*** Block opens ***

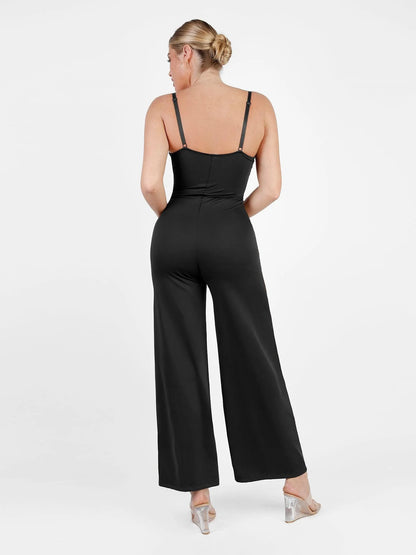 Shapewear Lace Deep V-Neck Sculpting Wide Leg Jumpsuit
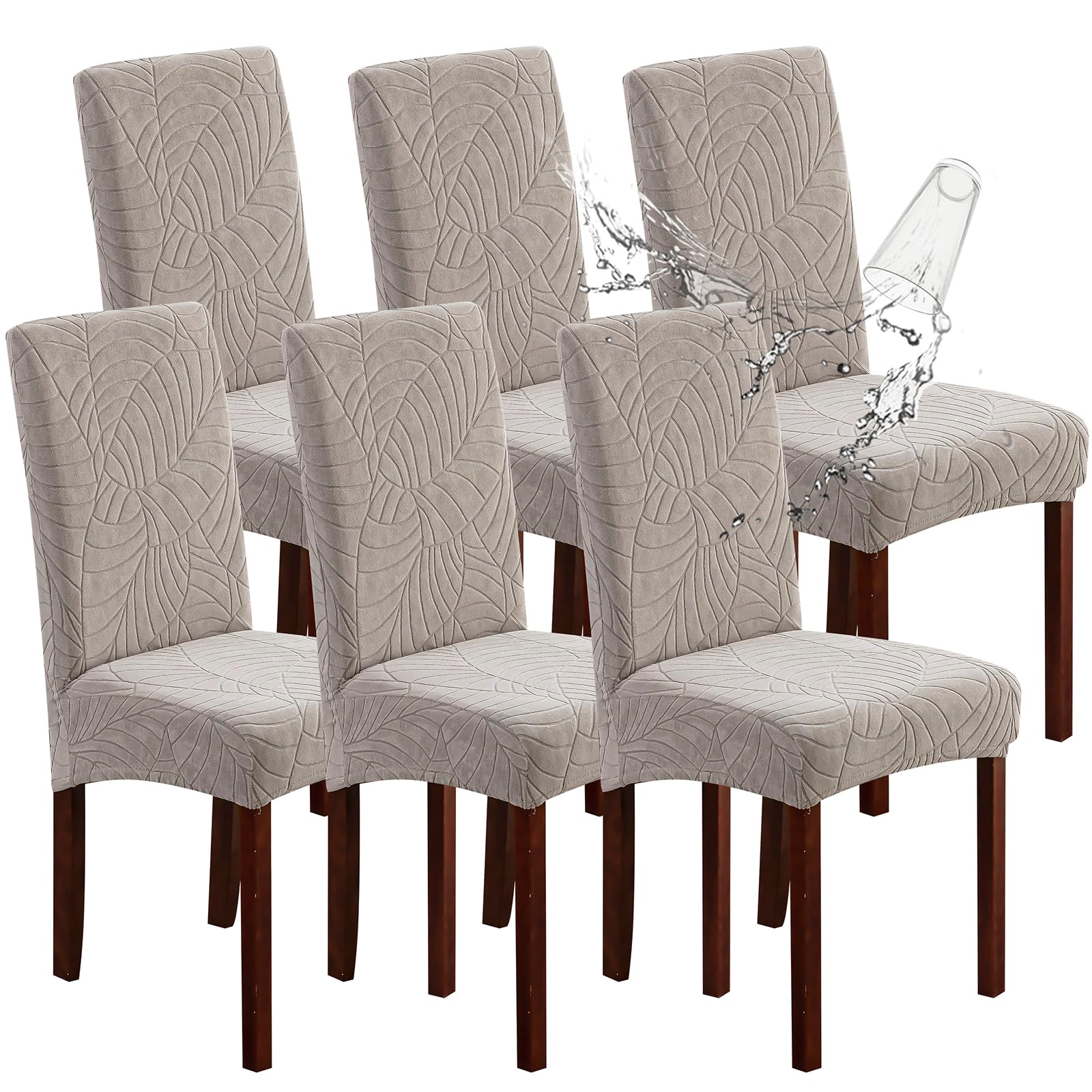 Genina Waterproof Chair Covers for Dining Room 6 Pack, Stretch Jacquard Dining Chair Cover Removable Washable Chair Protectors Cover for Kitchen, Home (Leaves-Warm Gray, 6 PCS)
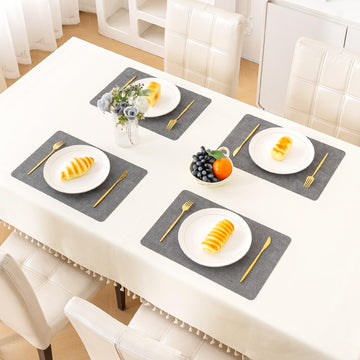Modern Weaves Royal Luxe Faux Leather Mats for Dining Table - Charcoal Grey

*** Block closes ***

What this task involves:
Give back only the lines from the one that carries "Genina Waterproof Chair" through the final line above, both included. Drop all pictures.

Worked solution:
 Genina Waterproof Chair Covers for Dining Room 6 Pack, Stretch Jacquard Dining Chair Cover Removable Washable Chair Protectors Cover for Kitchen, Home (Leaves-Warm Gray, 6 PCS)
Modern Weaves Royal Luxe Faux Leather Mats for Dining Table - Charcoal Grey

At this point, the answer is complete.